Este sábado el Teatro Romea de Murcia vistió el terciopelo rojo de sus butacas con el ambiente de las grandes ocasiones para dar la bienvenida a Yerma, segunda de las tres obras que, junto con Bodas de sangre y La casa de Bernarda Alba, dieron forma a la trilogía dramática que Federico García Lorca dedicó a la tierra española entre 1933 y 1936.
Así, con las plateas, los anfiteatros, las gradas y -por supuesto- el patio de butacas rezumando vida y expectación minutos antes del comienzo de la función, nos apresuramos a ocupar nuestras localidades dispuestos a no perder detalle del montaje que la compañía murciana Doble K Teatro iba a representar, por segunda noche consecutiva, en el primer escenario de la Región.
De este modo, con todo listo a un lado y a otro del telón, la obra arrancaría situando la acción en la casa de Yerma, en donde ésta y su esposo –Juan- conversaban en lo que parecía una típica escena hogareña protagonizada por un matrimonio joven y bien avenido. Sin embargo, durante el transcurso de este diálogo y bajo la aparente dulzura de los parlamentos, los personajes deslizarían los dos temas en torno a los cuales se articularía su relación a lo largo del drama: por un lado, la desconfianza de Juan hacia su mujer, que se traduciría en la insistencia en mantenerla recluida en casa; y por otro lado, la inquietud de Yerma por la ausencia de hijos en su matrimonio, a pesar de llevar más de dos años casada, que contrastaría con el desinterés expresado por su esposo.

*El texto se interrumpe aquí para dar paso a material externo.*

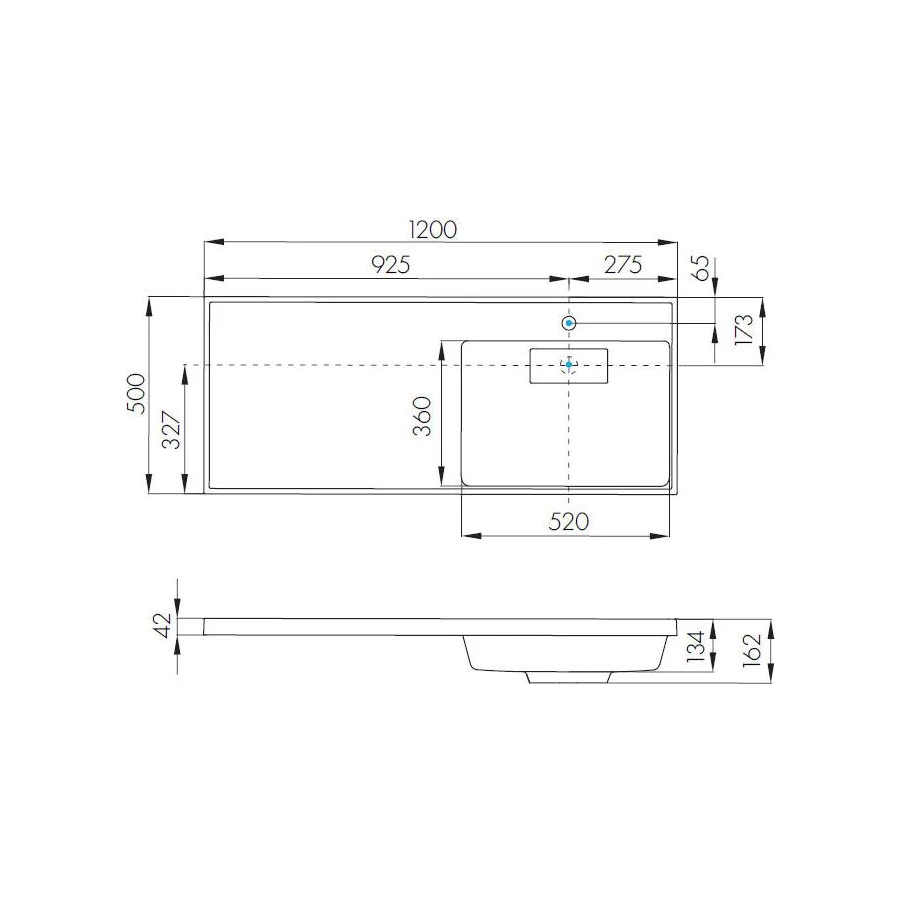 Раковина Акватон Лондри 1A72243KLH010 120x50 cv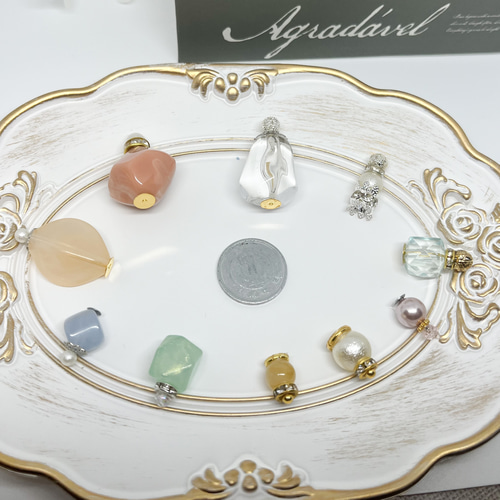 ミニチュア香水瓶 10本セット -ベビールーム- その他置物 petit parfum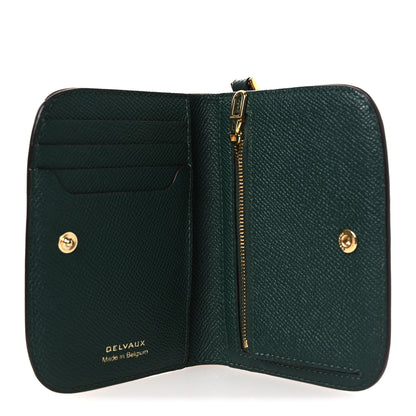 Delvaux Alpina Calfskin Vagabond Compact Wallet Forest 15 of 21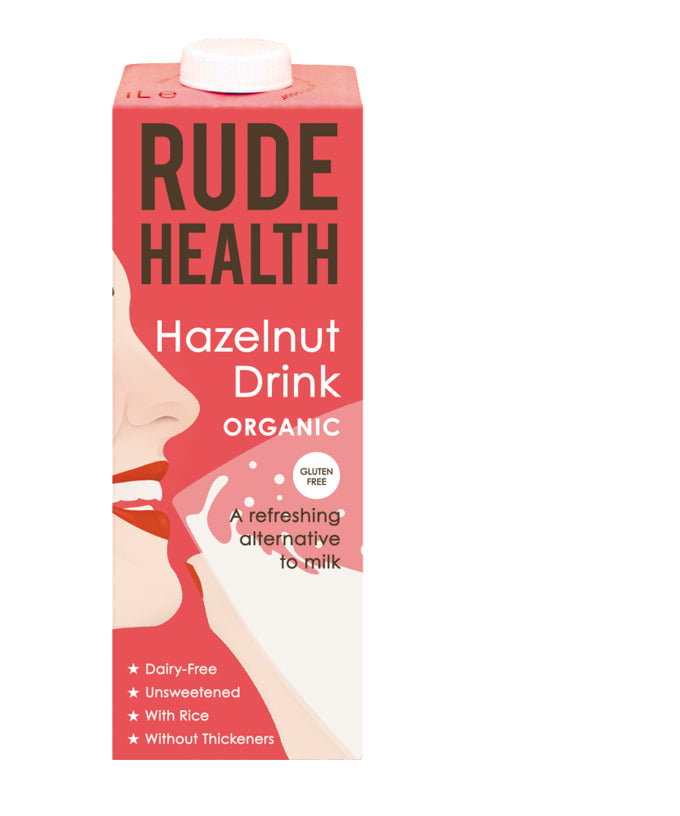 [Bundle Of 6] Rude Health Organic Dairy-free Drink Hazelnut (Gluten Free) 1L Exp: 11/25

Más adelante, pero aún dentro del primer cuadro de la obra, dos personajes más dialogarían sucesivamente con Yerma para presentar y comenzar a desarrollar aspectos clave de su personalidad. De esta manera, si con María -su amiga- la inquietud de la protagonista por no ser madre empezaría a convertirse en ansiedad al enterarse de que aquella esperaba a su primogénito tras solo cinco meses de casada, con Víctor –el pastor- se intuirían los rescoldos de una antigua atracción no consumada, pero tampoco del todo apagada, sobre la que, de hecho, Yerma ahondaría ya en el segundo cuadro al confesarle a la Vieja que fue Víctor el único hombre que la hizo temblar, mientras que, más tarde, a Juan solo lo aceptó como esposo por el acuerdo entre sus familias.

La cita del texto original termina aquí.